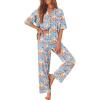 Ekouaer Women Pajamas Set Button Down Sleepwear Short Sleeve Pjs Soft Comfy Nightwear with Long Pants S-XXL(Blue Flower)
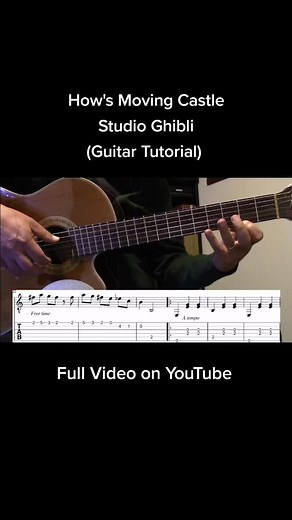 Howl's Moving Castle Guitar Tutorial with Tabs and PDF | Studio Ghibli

+ + + + + + +

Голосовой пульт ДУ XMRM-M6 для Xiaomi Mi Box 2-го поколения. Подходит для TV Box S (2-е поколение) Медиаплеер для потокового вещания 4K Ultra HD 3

+ + + + + + +

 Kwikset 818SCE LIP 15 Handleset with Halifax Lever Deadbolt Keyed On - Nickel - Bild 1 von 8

+ + + + + + +

What this task involves>
Go to the line above holding "Ekouaer Women Pajamas", then copy exactly each line down to and including the one holding "Howl's Moving Castle", leaving pictures out.

Task output>
 Ekouaer Women Pajamas Set Button Down Sleepwear Short Sleeve Pjs Soft Comfy Nightwear with Long Pants S-XXL(Blue Flower)
 Howl's Moving Castle Guitar Tutorial with Tabs and PDF | Studio Ghibli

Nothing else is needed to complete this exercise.